Action item —
Could you output the listing that follows exactly, without its images?

Data below —

#####

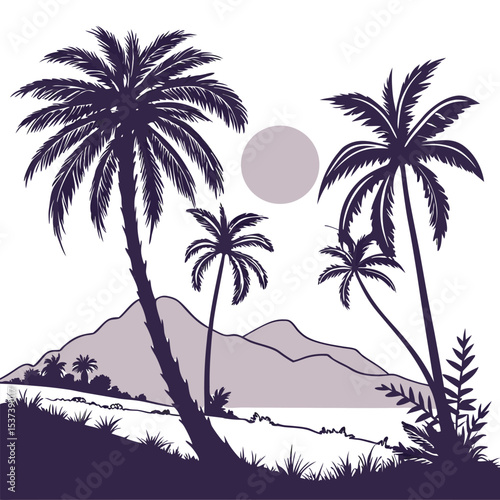 palm tree silhouette sunset background vector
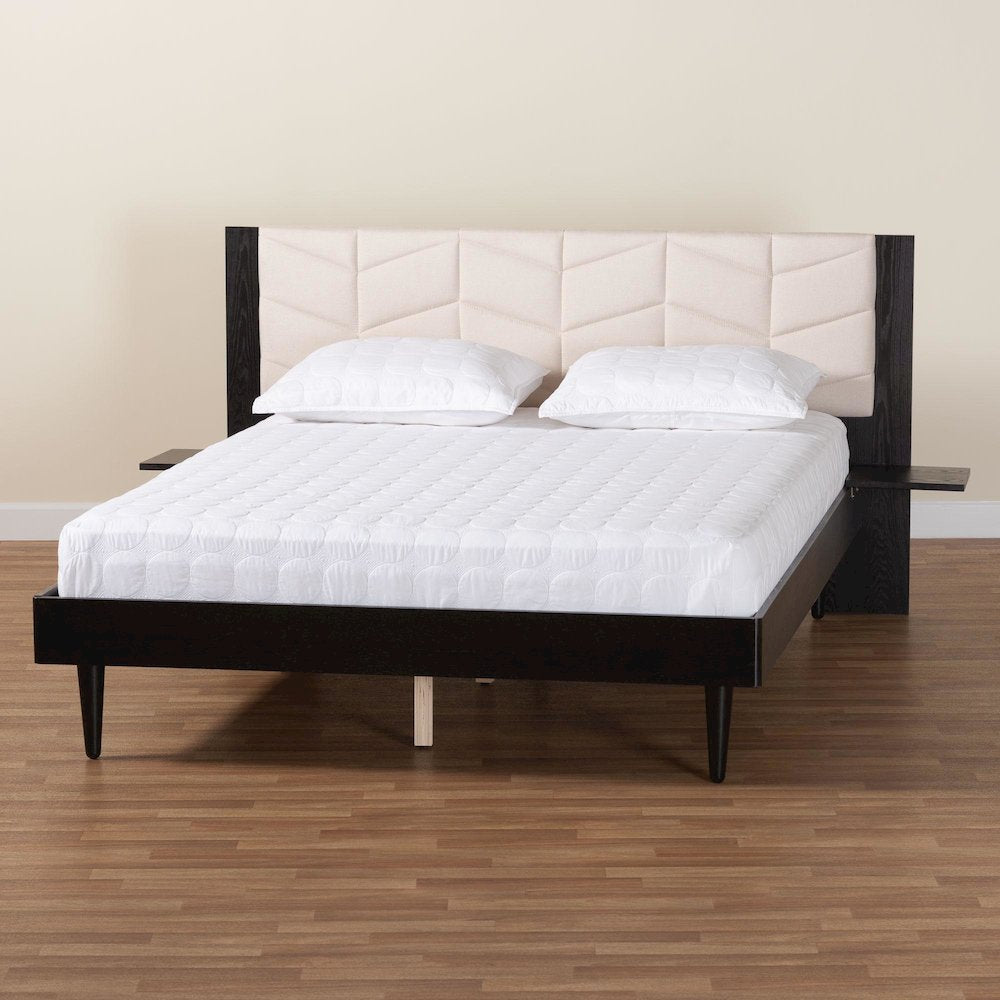 Beige Fabric and Black Wood Queen Size Bed with Built-In Side Tables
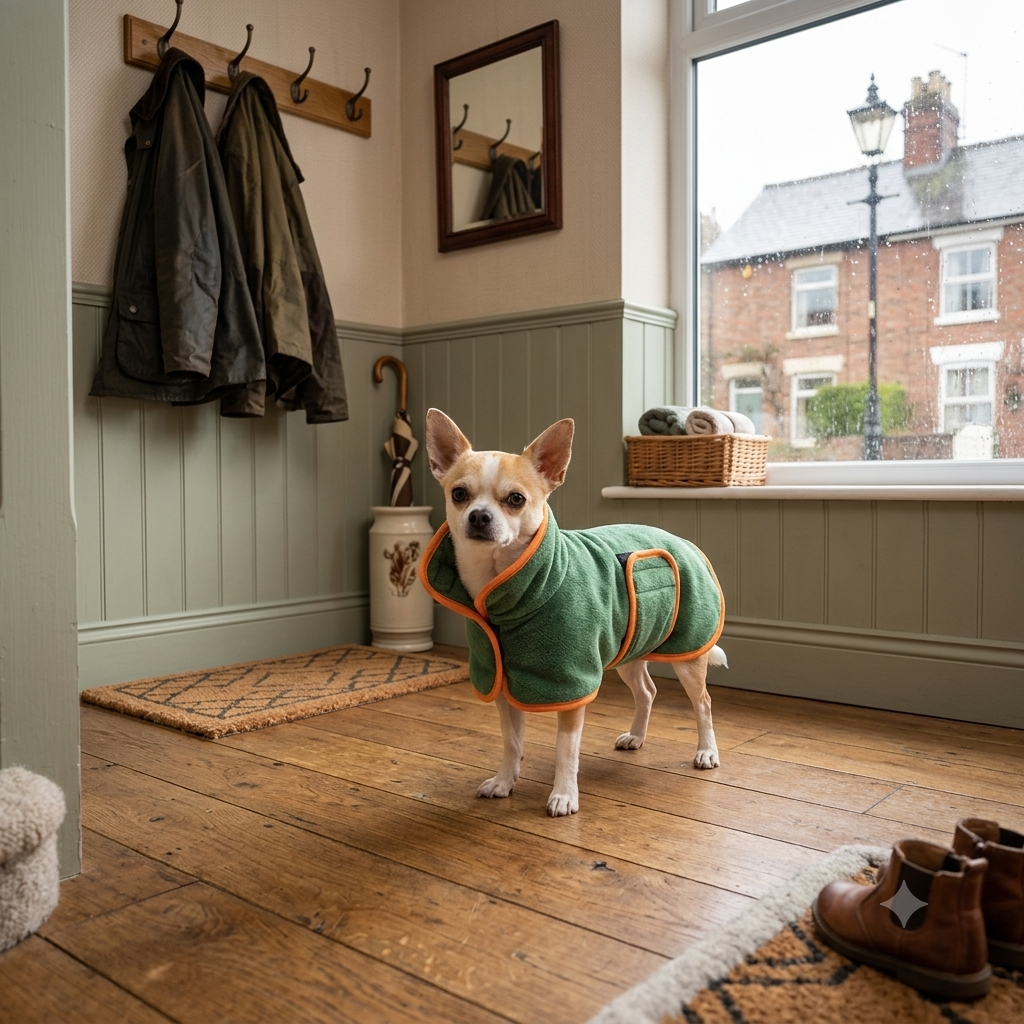 Rainy Walk Kit – Microfibre Dog Drying Robe & Paw Cleaner Bundle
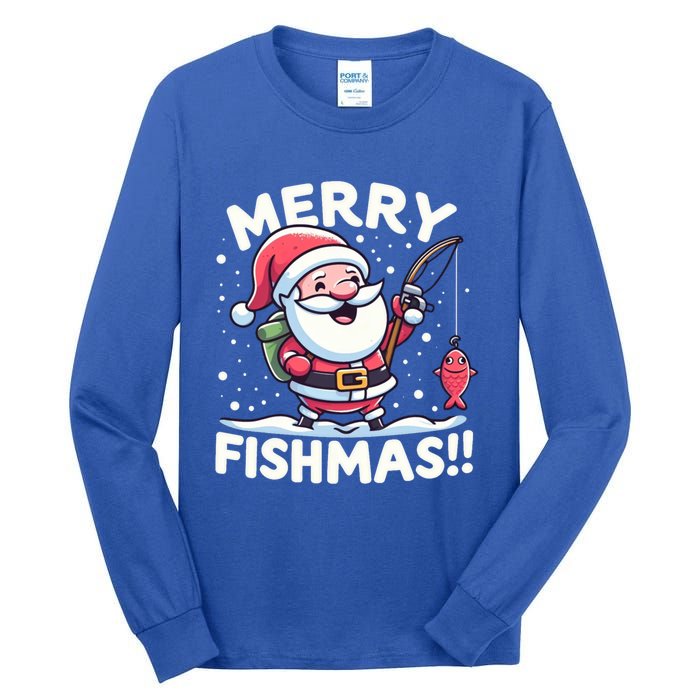 Merry Fishmas SantaS Christmas Camping And Fishing Frenzy Gift Tall Long Sleeve T-Shirt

#####

Exercise output —
 palm tree silhouette sunset background vector
 Beige Fabric and Black Wood Queen Size Bed with Built-In Side Tables
 Rainy Walk Kit – Microfibre Dog Drying Robe & Paw Cleaner Bundle
 Merry Fishmas SantaS Christmas Camping And Fishing Frenzy Gift Tall Long Sleeve T-Shirt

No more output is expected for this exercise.